26Le fait que l’office de commissaire au Châtelet n’ait pas été anoblissant semble avoir changé les données sociales à l’intérieur d’une jurisprudence dont la cohérence requérait l’uniformité. Un effet d’entraînement jouait, amenant la robe bourgeoise à s’aligner sur les idéaux de la robe noble. Le modèle patriarcal constituait d’ailleurs un idéal partagé entre noblesse et bourgeoisie.
Balthazar Duplessis contre Catherine Boué, fils contre mère
27Pierre Duplessis, conseiller au Châtelet depuis septembre 1597, se maria en juillet 1603 avec Catherine Boué, fille majeure et orpheline d’un riche marchand drapier43. La famille Duplessis relevait de la catégorie des hybrides sociaux44. Le grand-père de Pierre, époux d’une Séguier, était avocat au bailliage de Chartres ; le père, à son mariage avec une Gobelin, était procureur du roi en l’élection et magasin à sel de Paris45 ; à la fin du siècle, il était devenu gentilhomme ordinaire de la Chambre du roi, une fonction qui impliquait tacitement la noblesse. Pierre Duplessis adjoignait la qualification d’écuyer au titre de son office, dont il mourut revêtu, sans avoir pu ou voulu accéder à une charge de cour souveraine. Son contrat de mariage avec Catherine Boué comportait une clause on ne peut plus explicite :
« A esté expressement accordé entre lesd. partyes que, advenant le decez dud. futur espoux auparavant lad. future espouze, led. estat et office de conseiller aud. Chastellet duquel led. futur espoux est a present pourveu, receu, jouissant et a luy appartenant, entrera en la future communaulté et, en cas que lad. future espouze predecedde led. futur espoux, led. office de conseiller au Chastellet n’entrera en icelle communaulté, ains apartiendra entierement aud. sieur futur espoux. »
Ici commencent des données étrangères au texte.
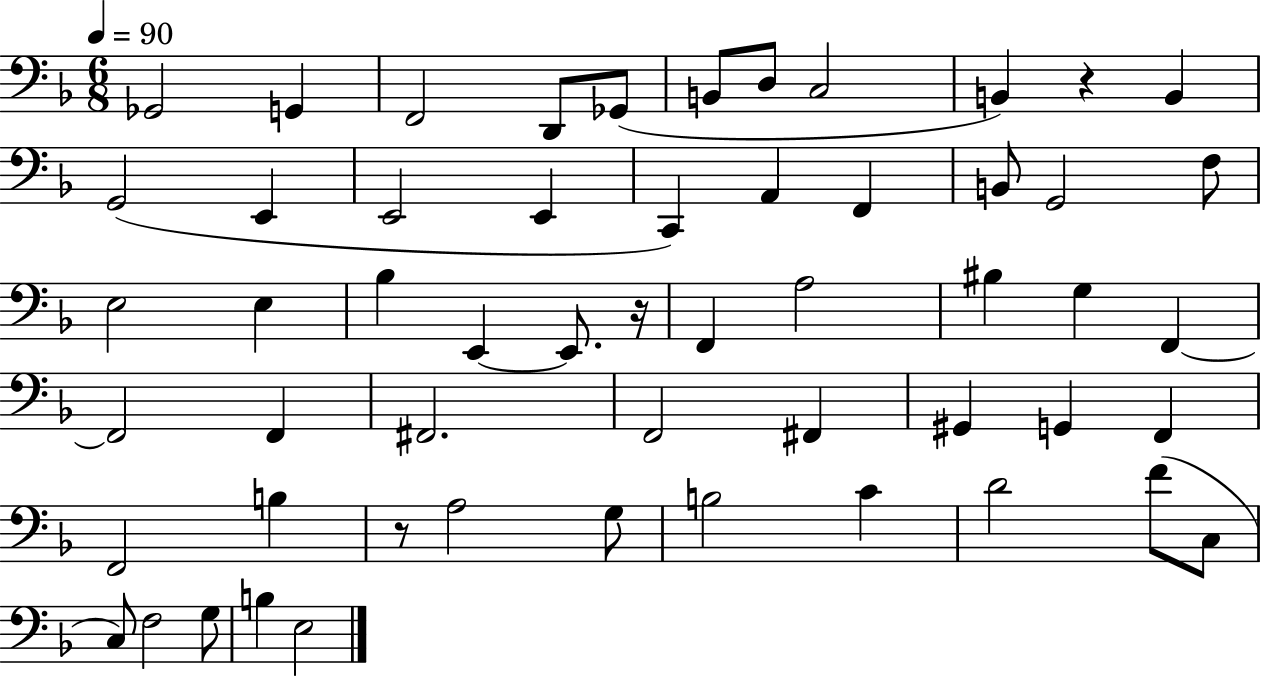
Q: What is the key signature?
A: F major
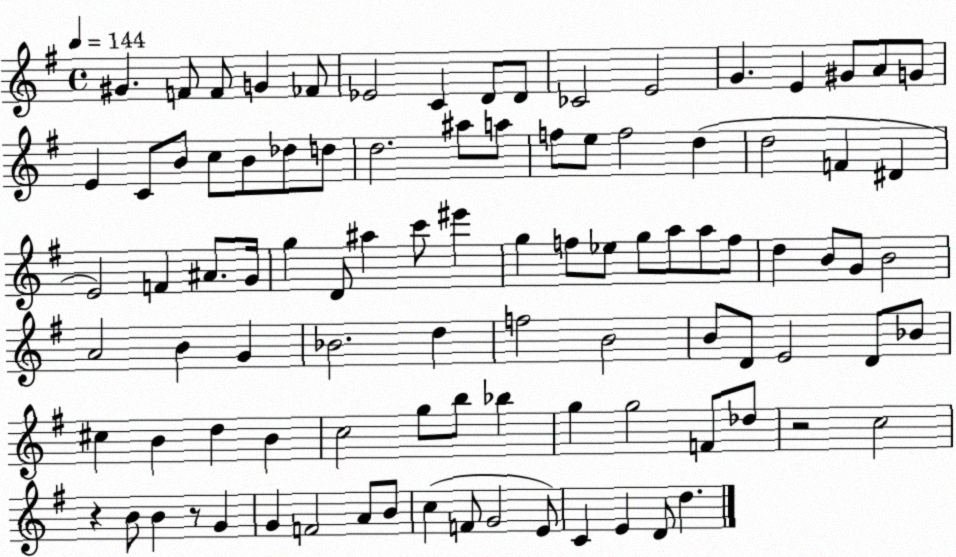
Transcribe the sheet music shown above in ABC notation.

X:1
T:Untitled
M:4/4
L:1/4
K:G
^G F/2 F/2 G _F/2 _E2 C D/2 D/2 _C2 E2 G E ^G/2 A/2 G/2 E C/2 B/2 c/2 B/2 _d/2 d/2 d2 ^a/2 a/2 f/2 e/2 f2 d d2 F ^D E2 F ^A/2 G/4 g D/2 ^a c'/2 ^e' g f/2 _e/2 g/2 a/2 a/2 f/2 d B/2 G/2 B2 A2 B G _B2 d f2 B2 B/2 D/2 E2 D/2 _B/2 ^c B d B c2 g/2 b/2 _b g g2 F/2 _d/2 z2 c2 z B/2 B z/2 G G F2 A/2 B/2 c F/2 G2 E/2 C E D/2 d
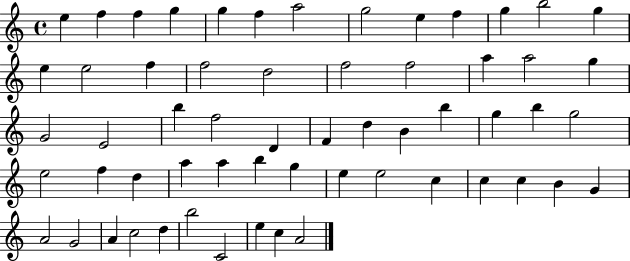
{
  \clef treble
  \time 4/4
  \defaultTimeSignature
  \key c \major
  e''4 f''4 f''4 g''4 | g''4 f''4 a''2 | g''2 e''4 f''4 | g''4 b''2 g''4 | \break e''4 e''2 f''4 | f''2 d''2 | f''2 f''2 | a''4 a''2 g''4 | \break g'2 e'2 | b''4 f''2 d'4 | f'4 d''4 b'4 b''4 | g''4 b''4 g''2 | \break e''2 f''4 d''4 | a''4 a''4 b''4 g''4 | e''4 e''2 c''4 | c''4 c''4 b'4 g'4 | \break a'2 g'2 | a'4 c''2 d''4 | b''2 c'2 | e''4 c''4 a'2 | \break \bar "|."
}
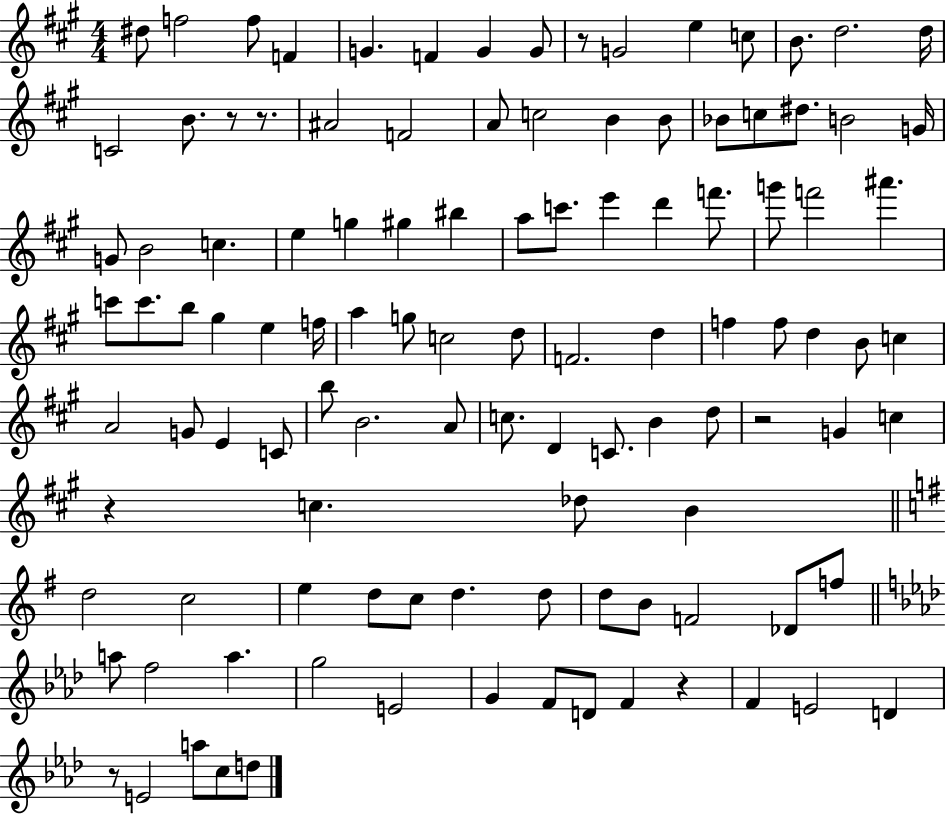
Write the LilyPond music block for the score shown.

{
  \clef treble
  \numericTimeSignature
  \time 4/4
  \key a \major
  \repeat volta 2 { dis''8 f''2 f''8 f'4 | g'4. f'4 g'4 g'8 | r8 g'2 e''4 c''8 | b'8. d''2. d''16 | \break c'2 b'8. r8 r8. | ais'2 f'2 | a'8 c''2 b'4 b'8 | bes'8 c''8 dis''8. b'2 g'16 | \break g'8 b'2 c''4. | e''4 g''4 gis''4 bis''4 | a''8 c'''8. e'''4 d'''4 f'''8. | g'''8 f'''2 ais'''4. | \break c'''8 c'''8. b''8 gis''4 e''4 f''16 | a''4 g''8 c''2 d''8 | f'2. d''4 | f''4 f''8 d''4 b'8 c''4 | \break a'2 g'8 e'4 c'8 | b''8 b'2. a'8 | c''8. d'4 c'8. b'4 d''8 | r2 g'4 c''4 | \break r4 c''4. des''8 b'4 | \bar "||" \break \key g \major d''2 c''2 | e''4 d''8 c''8 d''4. d''8 | d''8 b'8 f'2 des'8 f''8 | \bar "||" \break \key f \minor a''8 f''2 a''4. | g''2 e'2 | g'4 f'8 d'8 f'4 r4 | f'4 e'2 d'4 | \break r8 e'2 a''8 c''8 d''8 | } \bar "|."
}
28En dépit de cette clause, Pierre Duplessis léguait par testament en 1634 son office à son fils, ainsi que sa bibliothèque (adjonction qui manifeste pleinement l’objectif de reproduction sociale du mourant)46. On a vu que la jurisprudence s’engouffra dans cette contradiction pour limiter les droits de la mère et accorder l’office au fils (la bibliothèque ne pouvait être considérée que comme meuble en dehors de stipulation particulière). Mais le jugement n’arrangea pas les affaires des Duplessis, sans doute assez embarrassées, et l’office fut vendu à un tiers (Vincent Lebret) sans que Balthazar Duplessis en ait été pourvu. Il semble que la vente ait d’ailleurs été effectuée par la mère47, probablement parce qu’elle avait exigé le paiement des 10 000 livres tournois, moitié de la valeur de l’office fixée par son mari, alors, qu’à l’époque de la mort de ce dernier, les charges de conseiller au Châtelet se négociaient pour 45 000 à 50 000 livres. Sans aller jusqu’à abroger la clause du contrat de mariage, l’arrêt manifestait la force de la nouvelle jurisprudence qui voulait faire de tout office un propre masculin destiné à suivre la ligne de son possesseur, même si cet office n’était pas anoblissant.
Conclusion
29Les contraintes de la transmission des charges publiques ont été canalisées dans une jurisprudence qui tendait à faire des offices des biens d’une nature originale : meubles ou immeubles selon les cas, propres au mari, ne pouvant même constituer des acquêts de communauté, les offices étaient le seul type de biens dont la propriété était interdite aux femmes (lesquelles devaient se rabattre sur les « récompenses » qui leur étaient accordées en compensation des investissements qu’elles avaient éventuellement consentis en faveur de leur époux)48. La question de la nature de l’office agita la doctrine durant toute la première moitié du XVIIe siècle. Le nombre des arrêts, mais aussi des accords amiables sur le sujet, témoigne de l’urgence du problème et de la chaleur de débats qui furent tranchés avec clarté par des arrêts célèbres qui confortèrent ce que Sarah Hanley a théorisé sous le nom de « complexe État-famille ». Cette jurisprudence générale concernant tous les offices, anoblissants ou non, ne s’imposa pas facilement parce qu’elle renversait les usages du siècle précédent et rompait la collaboration organisée par la communauté entre époux dans la coutume de Paris.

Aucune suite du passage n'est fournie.